Chile is on a roll. The country's growth rate is 6 percent; retail sales are booming; and unemployment is the lowest on record.
In order for the country to maintain its economic expansion, Chilean President Sebastian Pinera is looking to the technology sector. He spoke with Charlie Rose in an interview, which appears in Bloomberg Businessweek.
"We're almost doubling our investment rate in science and technology," Pinera said. "We need to grow at 6 percent, because if we do that, before the end of this decade, Chile might become the first -- though hopefully not the only -- Latin American country able to defeat poverty and overcome underdevelopment."
President Pinera highlighted government programs aimed at developing the country's tech industry. One, called Start-Up Chile, gives grants of about $40,000 to entrepreneurs -- and has received an enthusiastic endorsement from Evernote CEO Phil Libin.
"We're trying to attract innovators from all over the world," Pinera said. "We've been able to attract more than 1,000 entrepreneurs. At the same time, we're sending Chilean innovators to Silicon Valley or other places for them to be able to learn this atmosphere, this culture of innovation, science, technology. Innovation can be learned."

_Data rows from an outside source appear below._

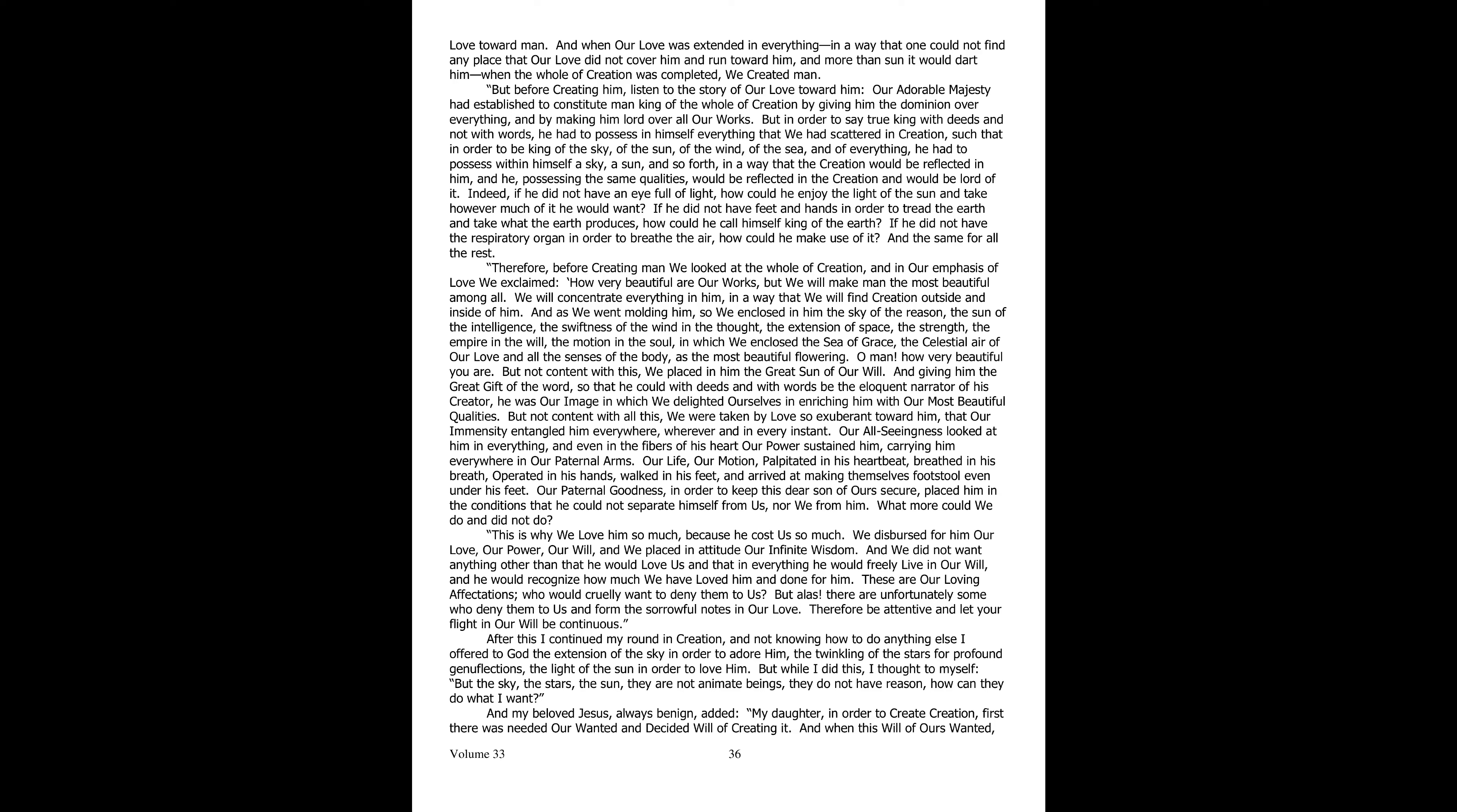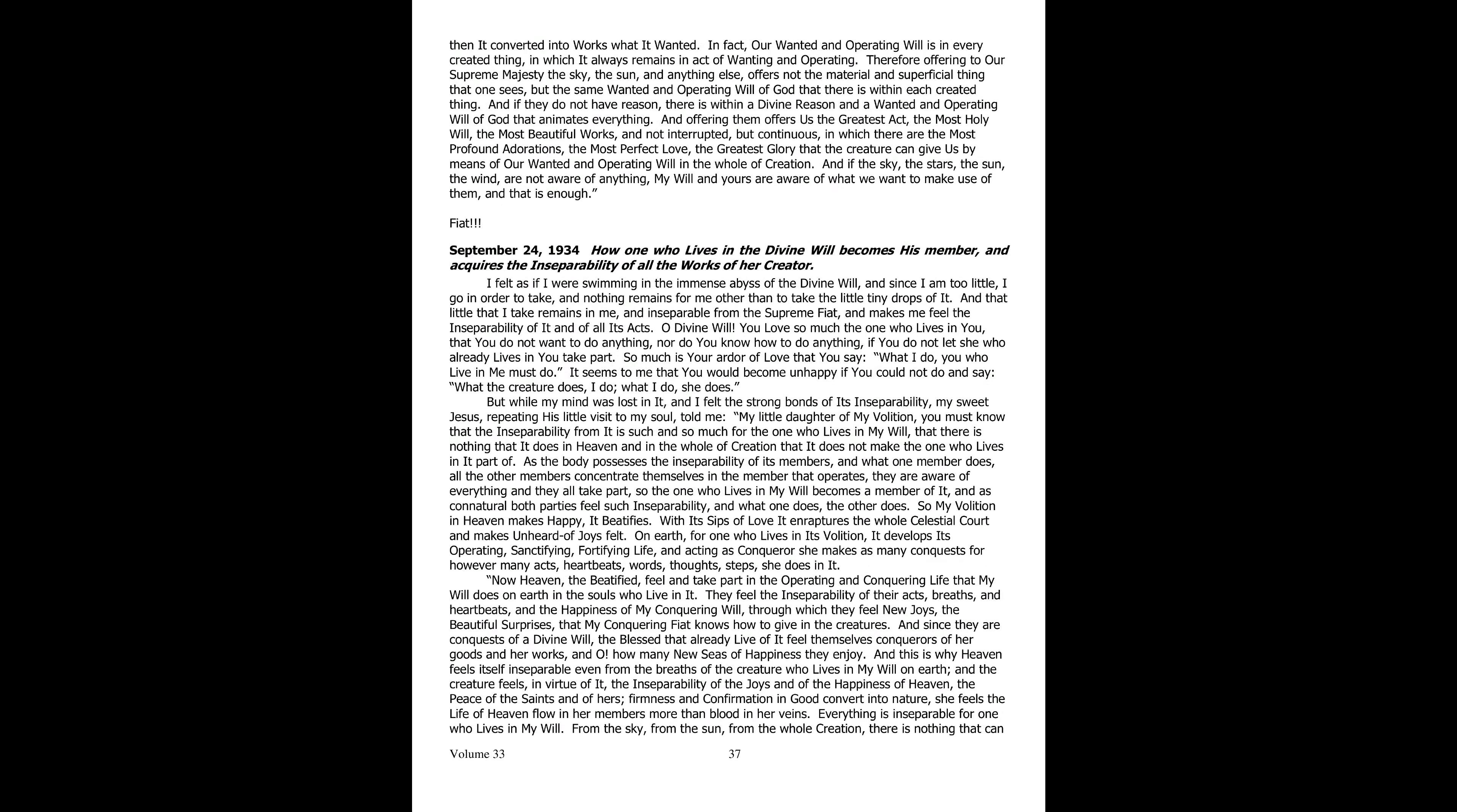After this I continued my round in the creation, and incapable of doing anything else, I offered to God the expanse of the heavens to adore him, the sparkling of the stars as deep genuflections, the light of the sun to love him. But while I was doing this I thought to myself: But the heavens, the stars, the sun are not animate beings, they have no reason. How can they do what I want?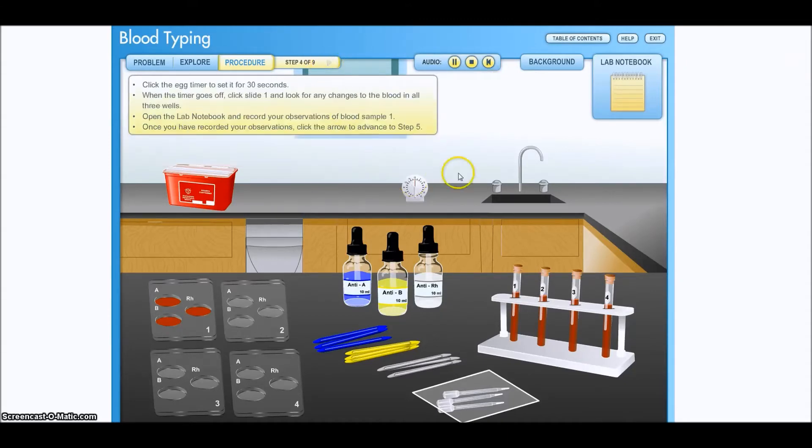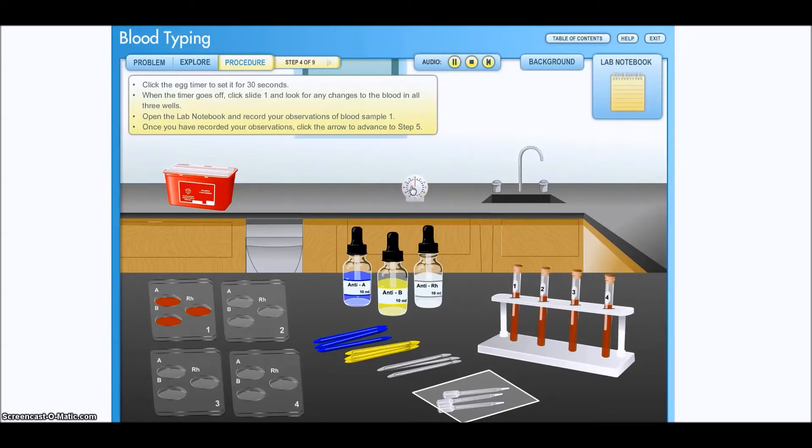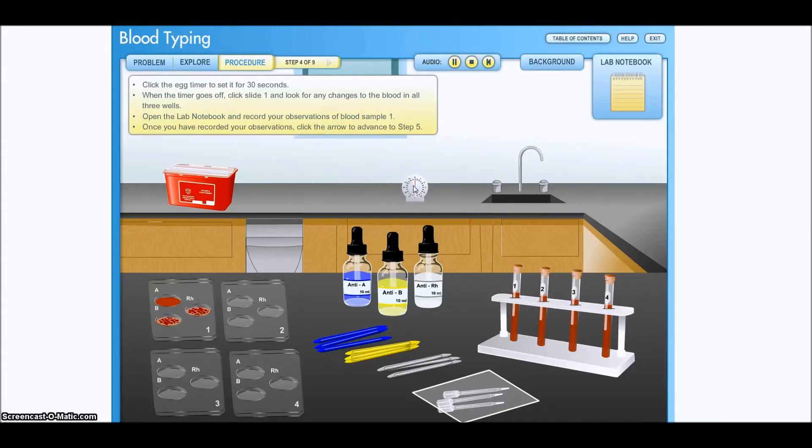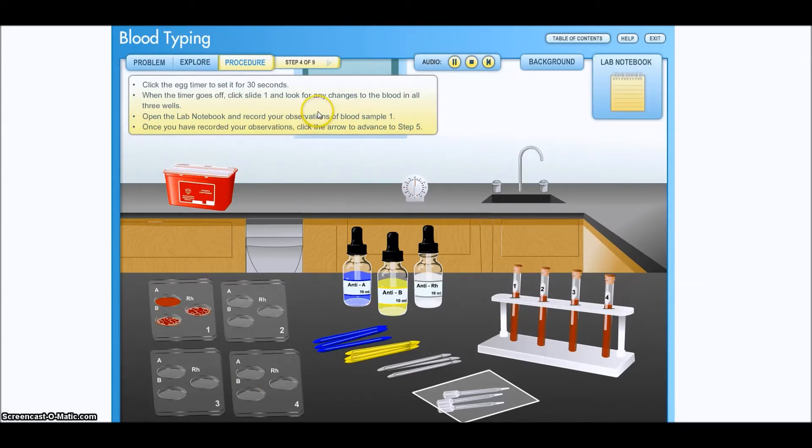Click the egg timer to set it for 30 seconds. When the timer goes off, click slide one and look for any changes to the blood in all three wells. Open the lab notebook and record your observations of blood sample one. Once you have recorded your observations, click the arrow to advance to step five.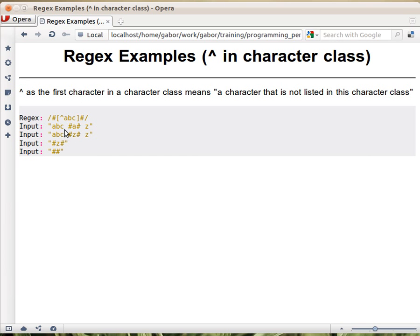So let's see this example. Would this string match? Well, the pound sign matches, but the A is inside there, and we said that we want a character that's not in there. So this doesn't match.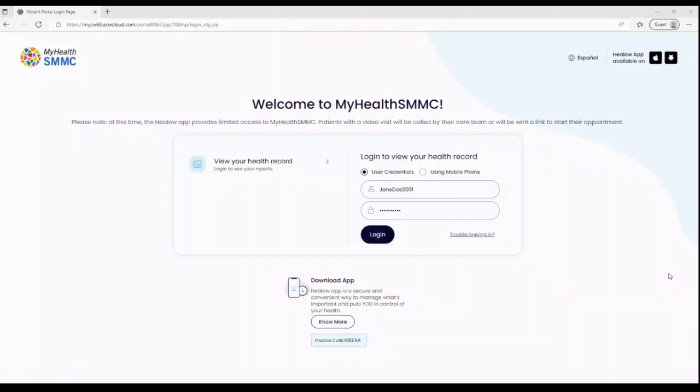After clicking the link to the Patient Portal in your email or from the SMMC website, this is going to take you to the Patient Portal login page.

Still, turning Chile into a hub of innovation won't be easy, especially with other countries trying to cultivate a tech industry by offering grants and free trips to the Valley. Canada is trying to woo entrepreneurs with billboards and special startup programs. Norwegian Crown Prince Haakon donned virtual-reality goggles on a trip to Palo Alto, California, earlier this year, demonstrating his country's dedication to tech.